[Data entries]

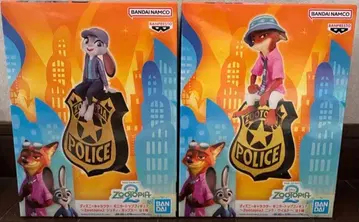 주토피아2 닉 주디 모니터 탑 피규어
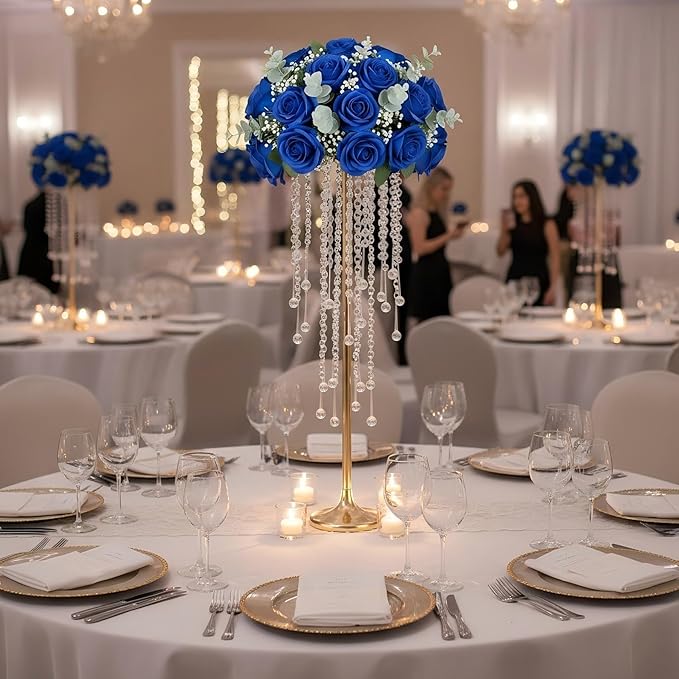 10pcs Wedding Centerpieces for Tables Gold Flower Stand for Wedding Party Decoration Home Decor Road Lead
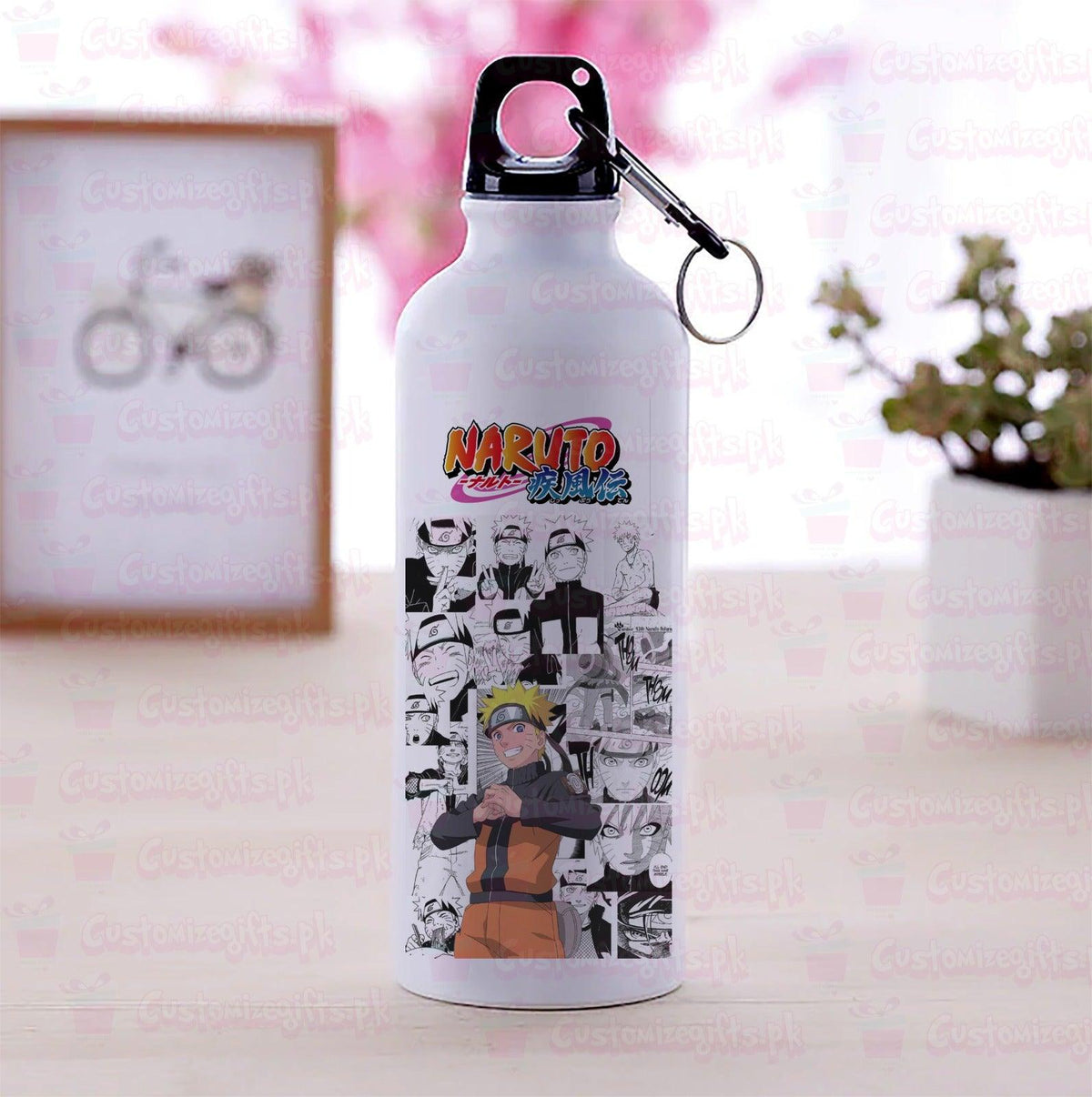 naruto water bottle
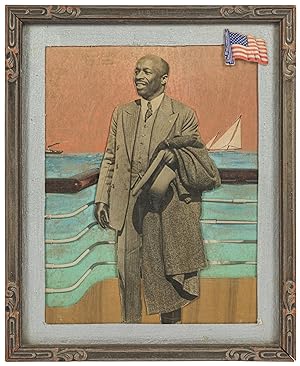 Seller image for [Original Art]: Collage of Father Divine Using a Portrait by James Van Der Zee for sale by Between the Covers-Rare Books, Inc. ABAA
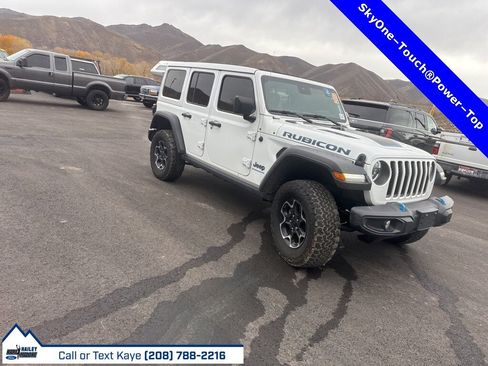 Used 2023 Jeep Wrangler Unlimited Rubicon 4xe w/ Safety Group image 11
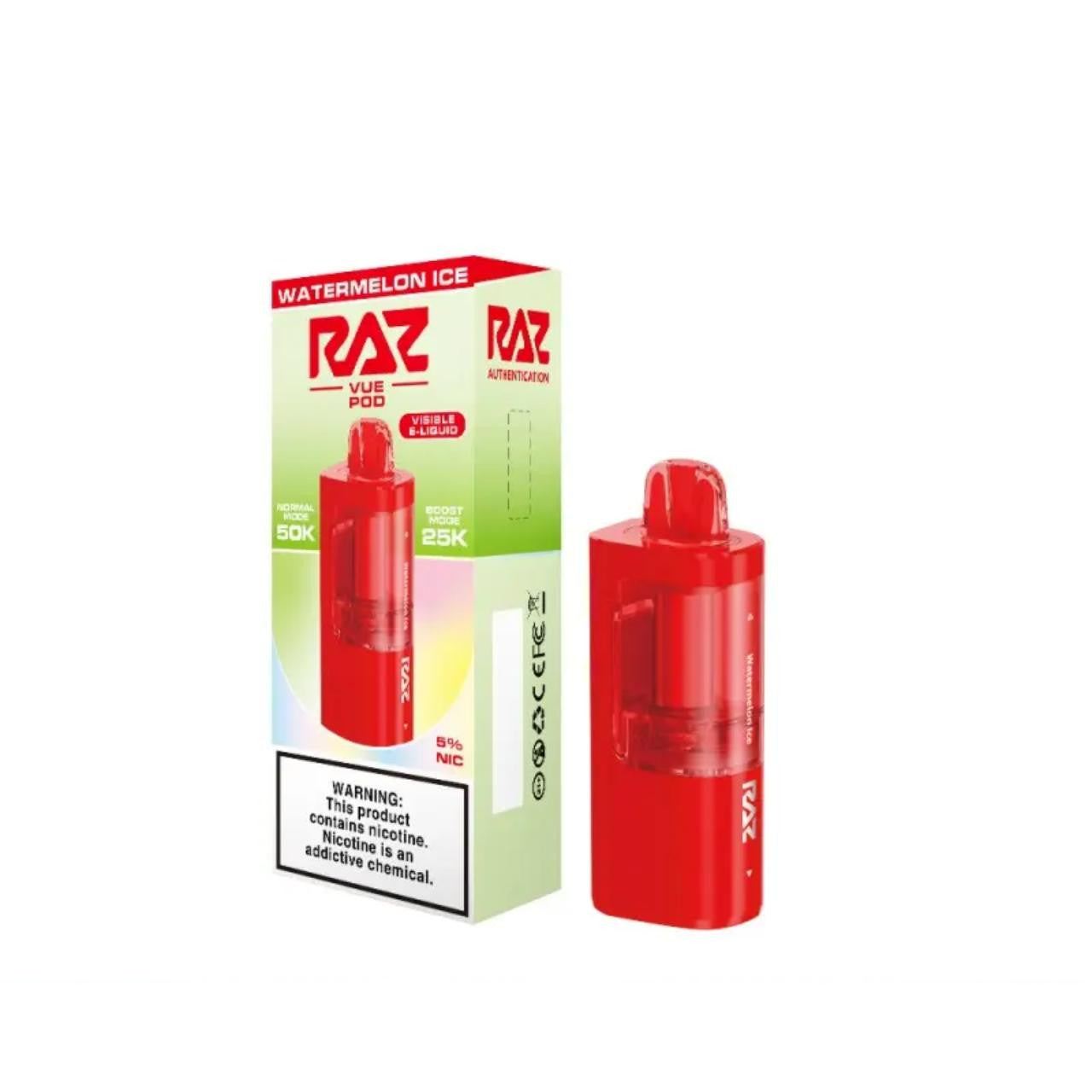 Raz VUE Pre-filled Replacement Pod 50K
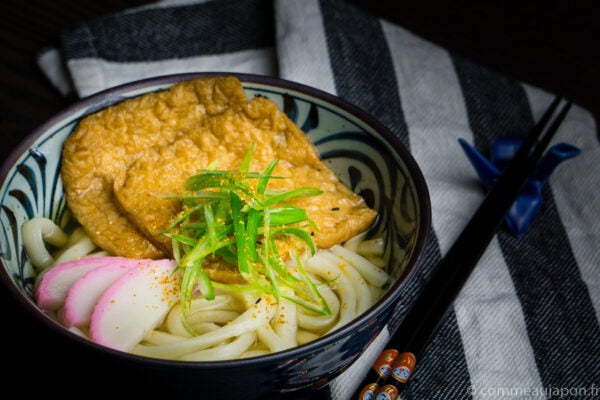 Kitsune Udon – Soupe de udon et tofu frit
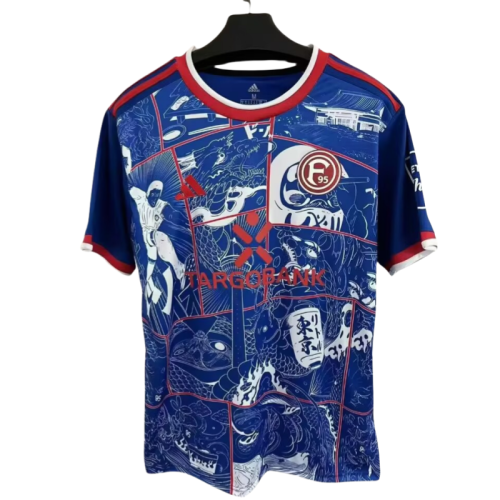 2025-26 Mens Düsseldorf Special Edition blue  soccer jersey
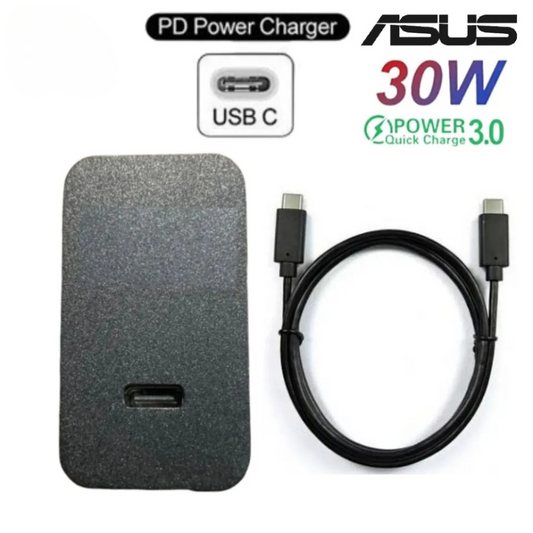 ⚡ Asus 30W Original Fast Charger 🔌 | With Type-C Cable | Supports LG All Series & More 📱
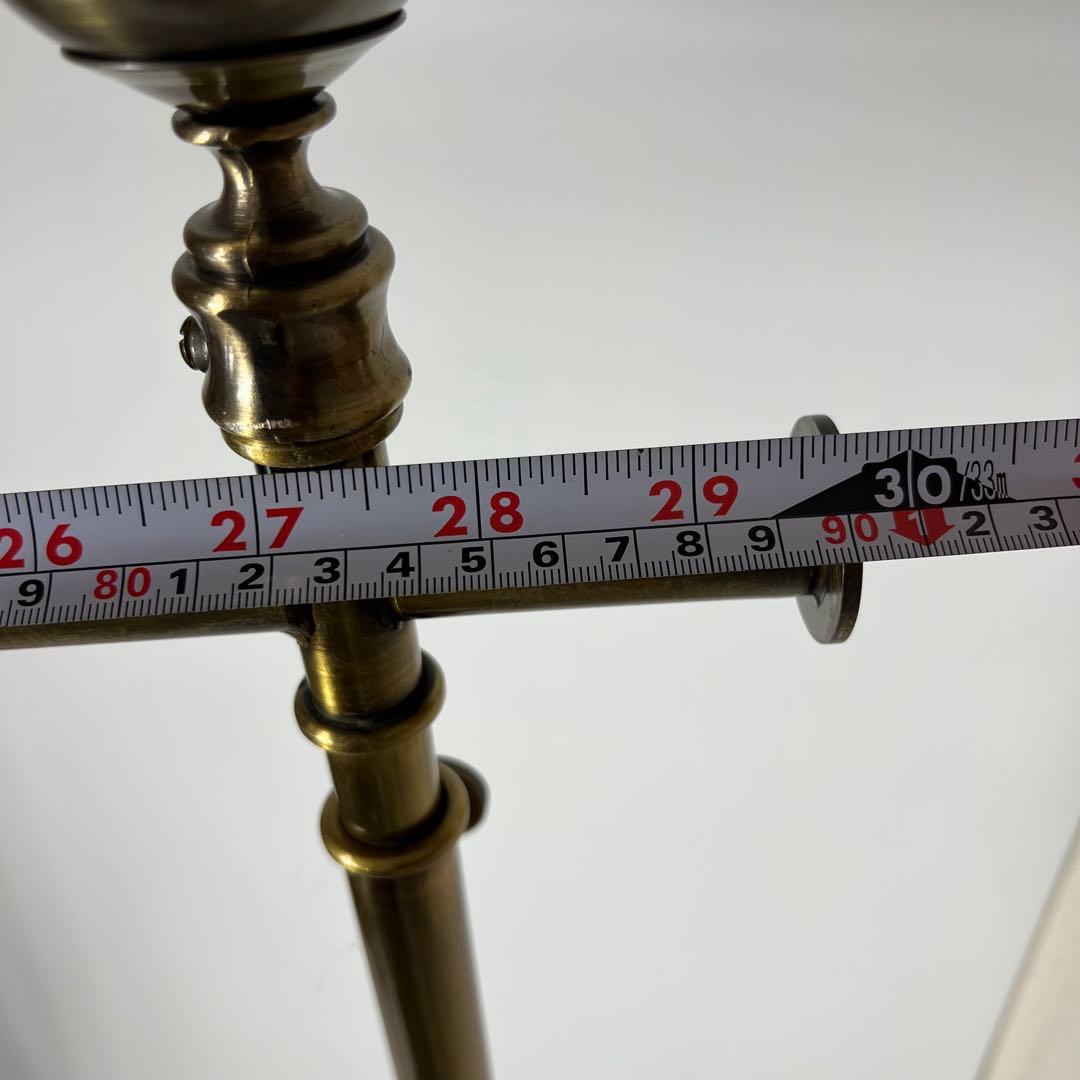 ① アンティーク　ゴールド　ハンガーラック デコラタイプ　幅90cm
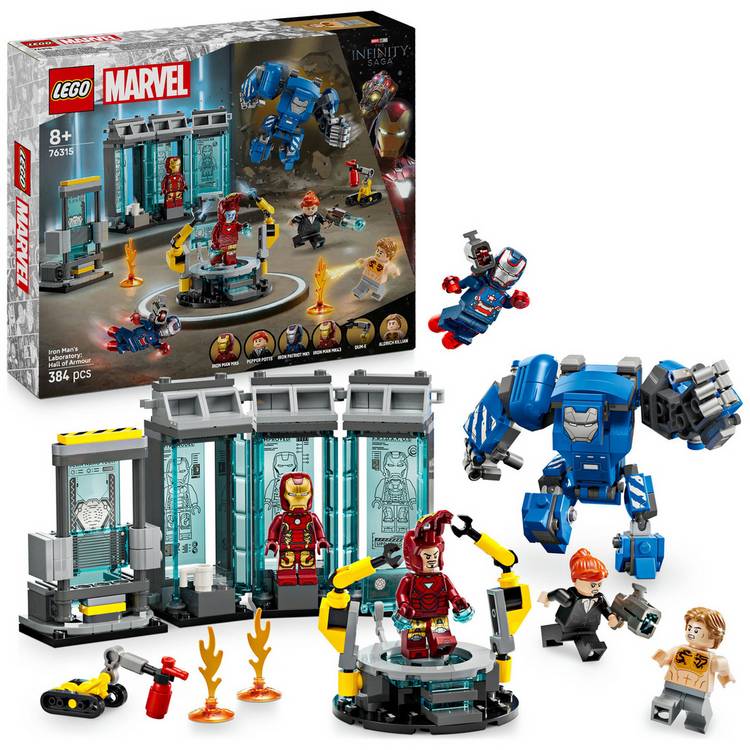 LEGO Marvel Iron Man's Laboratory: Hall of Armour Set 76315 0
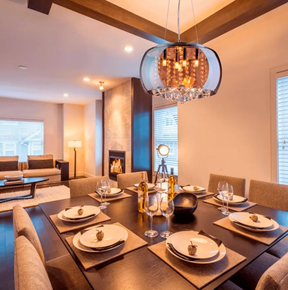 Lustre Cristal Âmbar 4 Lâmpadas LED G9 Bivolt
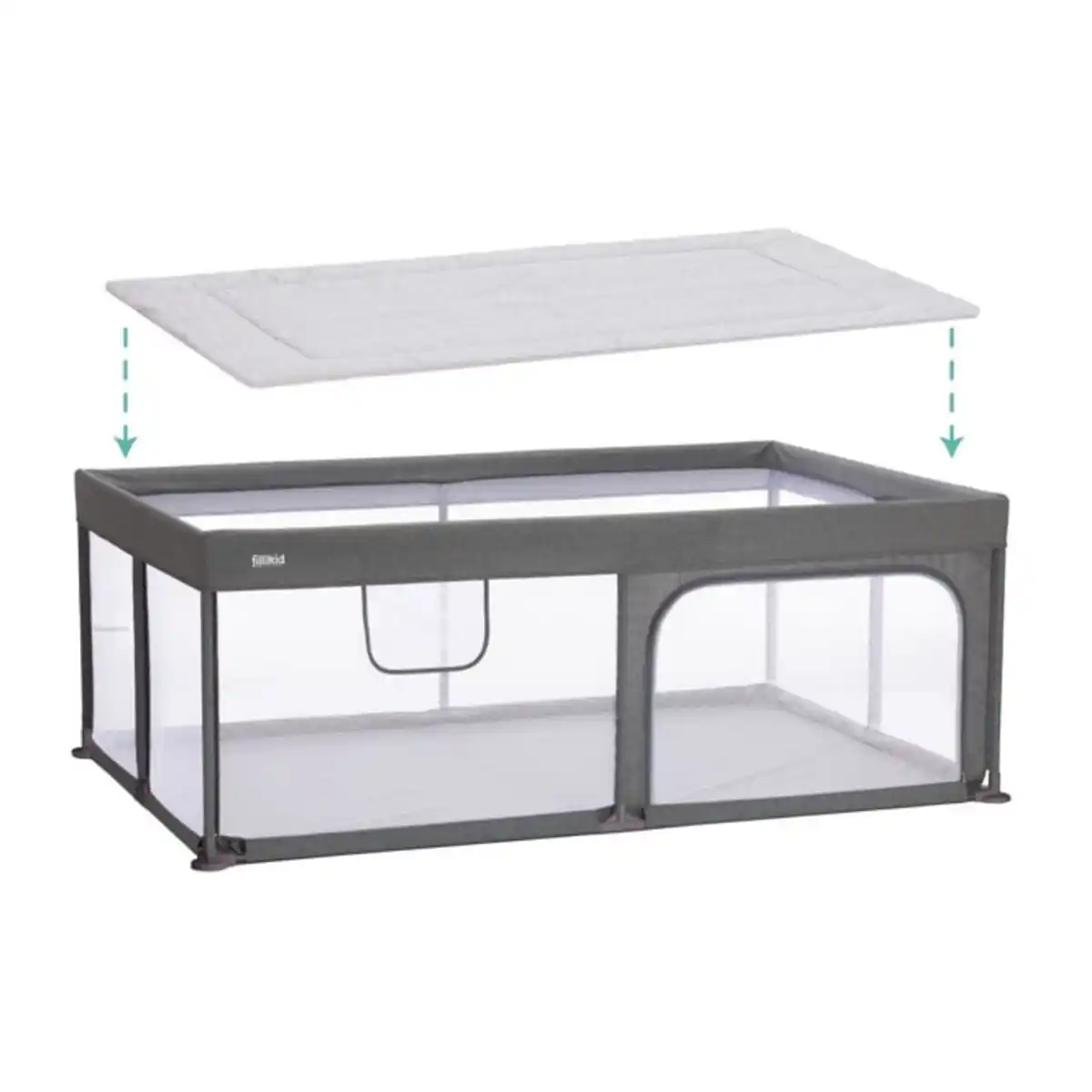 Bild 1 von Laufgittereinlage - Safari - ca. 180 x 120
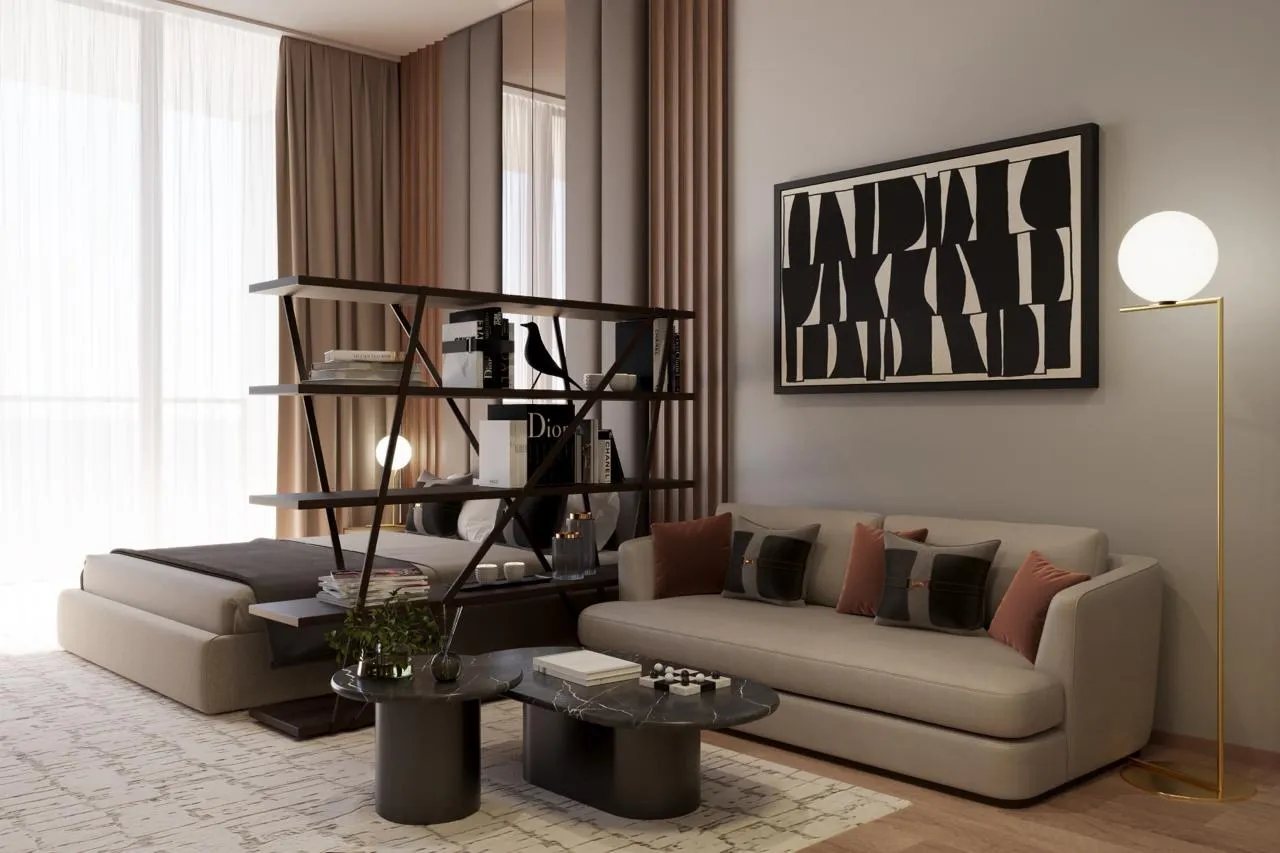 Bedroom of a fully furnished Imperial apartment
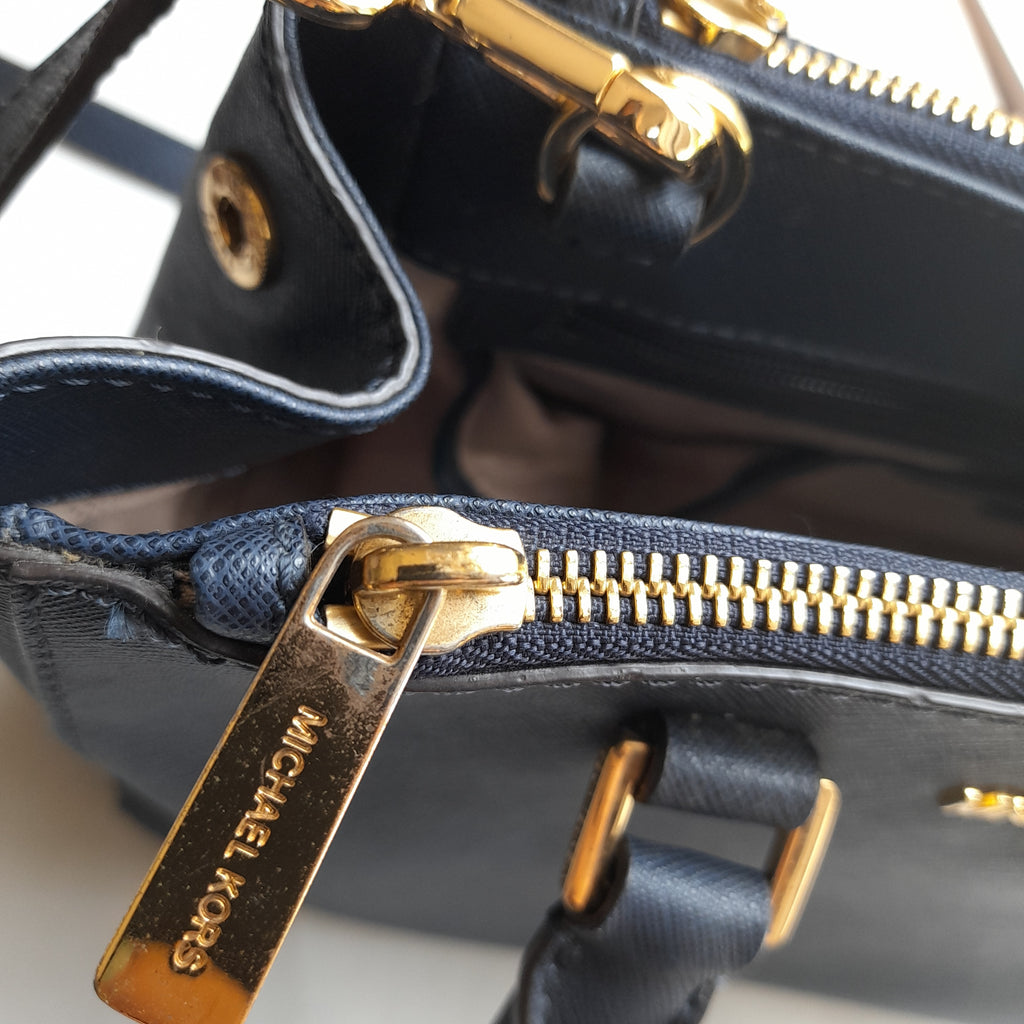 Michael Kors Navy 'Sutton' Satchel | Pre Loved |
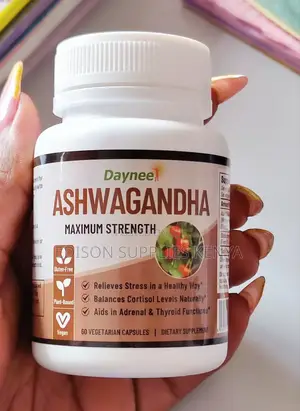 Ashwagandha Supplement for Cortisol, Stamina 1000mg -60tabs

[Prompt]
Retype the lines exactly. Begin at the one that holds "Bild 1 von Laufgittereinlage", stop at the last line of the entries above, and drop the pictures.

[Problem solution]
 Bild 1 von Laufgittereinlage - Safari - ca. 180 x 120
 Bedroom of a fully furnished Imperial apartment
 Michael Kors Navy 'Sutton' Satchel | Pre Loved |
 Ashwagandha Supplement for Cortisol, Stamina 1000mg -60tabs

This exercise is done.